Directions: From the line containing "Minimal Black &" to the line containing "Led lyspute A3, lysbord" in the entries below, reproduce every line exactly, ends included. Nothing else belongs in the copy, and no pictures.

Record set Start Marker

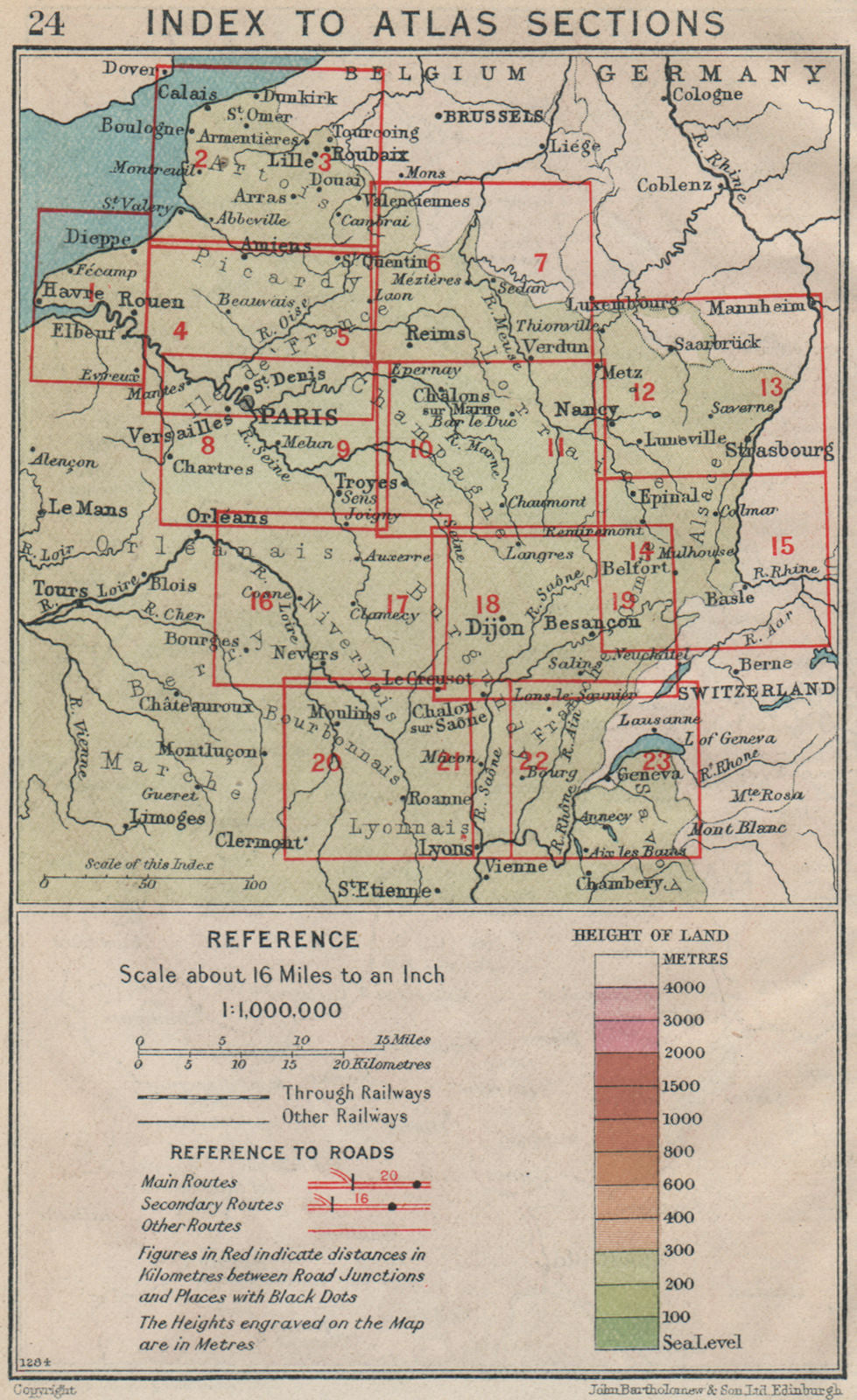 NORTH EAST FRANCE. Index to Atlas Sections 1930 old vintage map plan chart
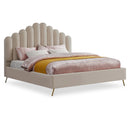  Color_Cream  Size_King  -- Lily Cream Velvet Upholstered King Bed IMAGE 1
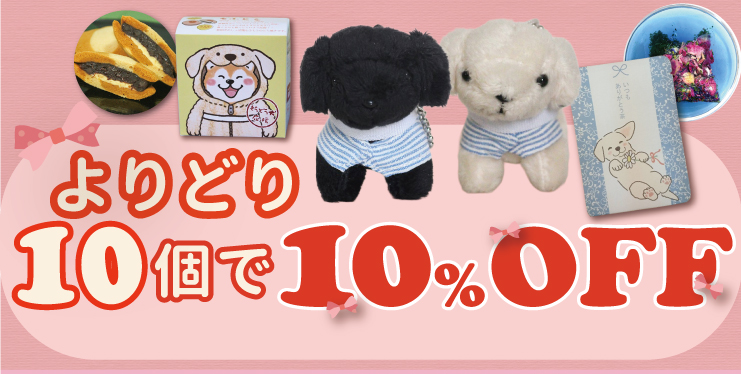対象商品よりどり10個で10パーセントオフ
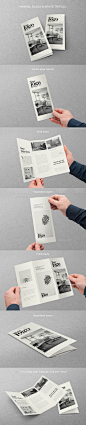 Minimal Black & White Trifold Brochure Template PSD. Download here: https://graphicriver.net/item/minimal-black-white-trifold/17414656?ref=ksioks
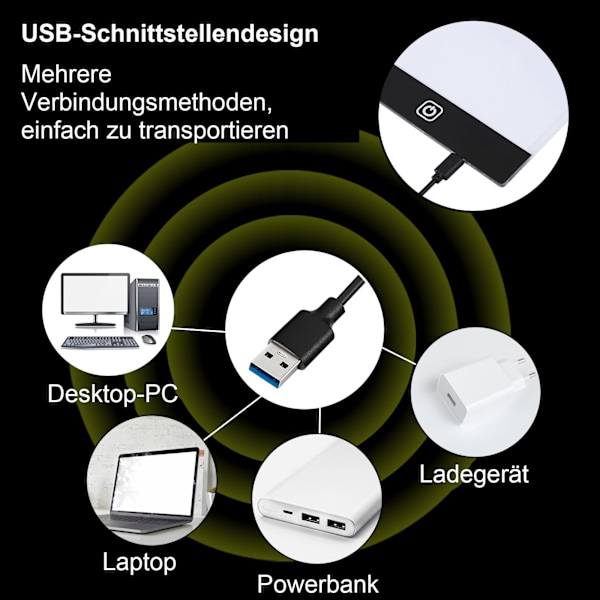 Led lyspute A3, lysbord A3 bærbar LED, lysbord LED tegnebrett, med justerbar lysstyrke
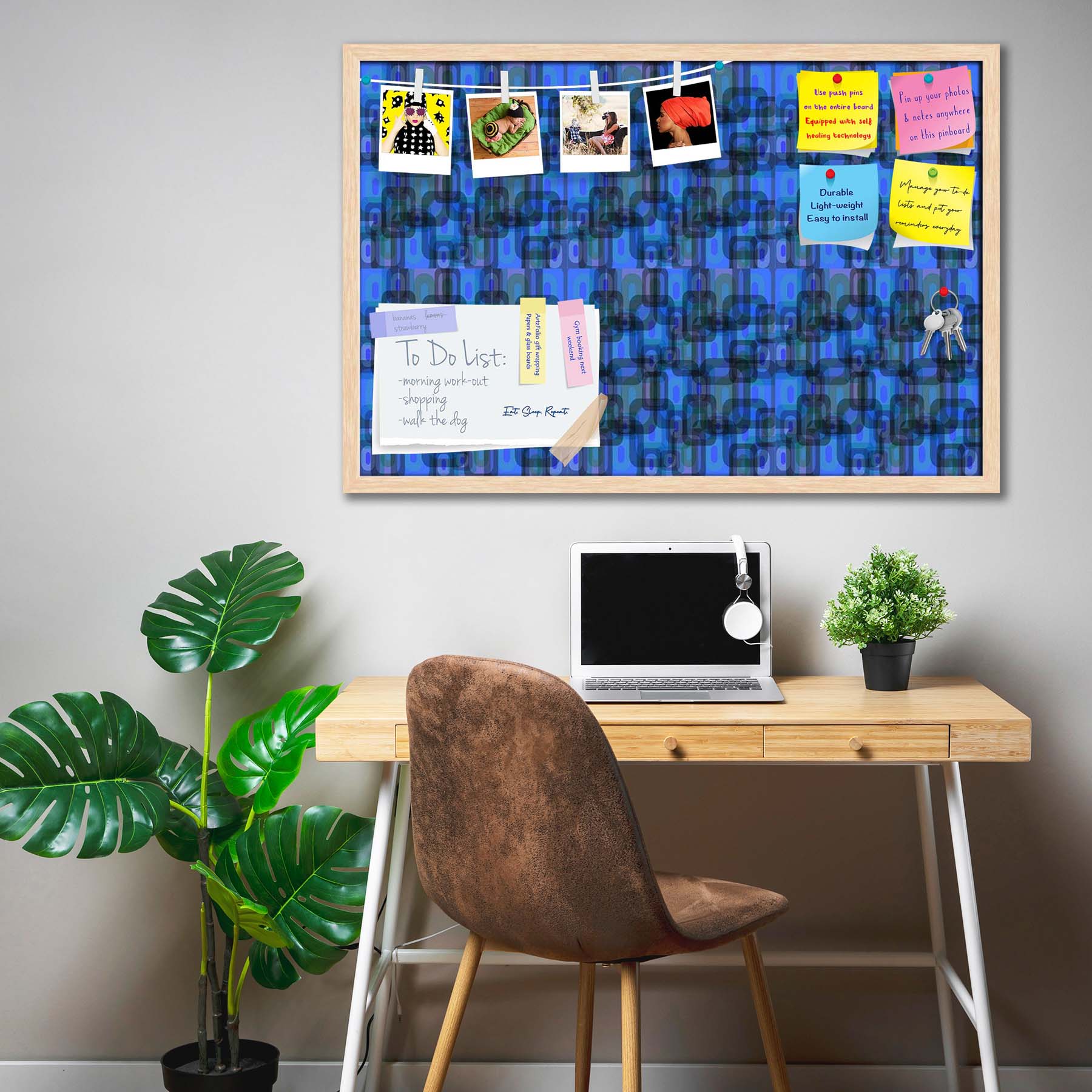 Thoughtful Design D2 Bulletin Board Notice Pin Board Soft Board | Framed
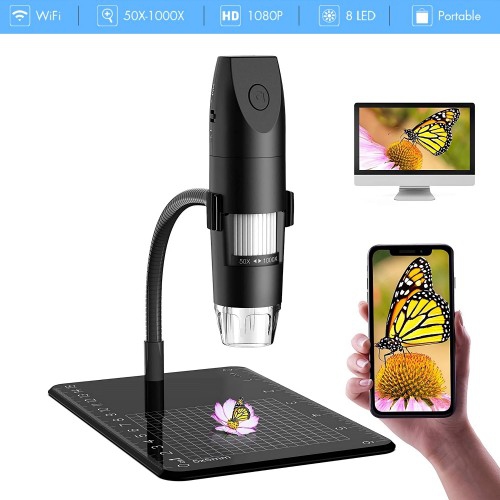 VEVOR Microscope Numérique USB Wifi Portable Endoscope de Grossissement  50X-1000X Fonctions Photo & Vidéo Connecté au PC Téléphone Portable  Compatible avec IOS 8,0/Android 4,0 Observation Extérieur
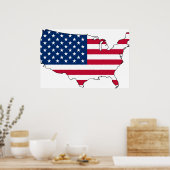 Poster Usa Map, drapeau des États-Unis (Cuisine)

Record set End Marker

Response to this exercise:
 Minimal Black & White Trifold Brochure Template PSD. Download here: https://graphicriver.net/item/minimal-black-white-trifold/17414656?ref=ksioks
 Led lyspute A3, lysbord A3 bærbar LED, lysbord LED tegnebrett, med justerbar lysstyrke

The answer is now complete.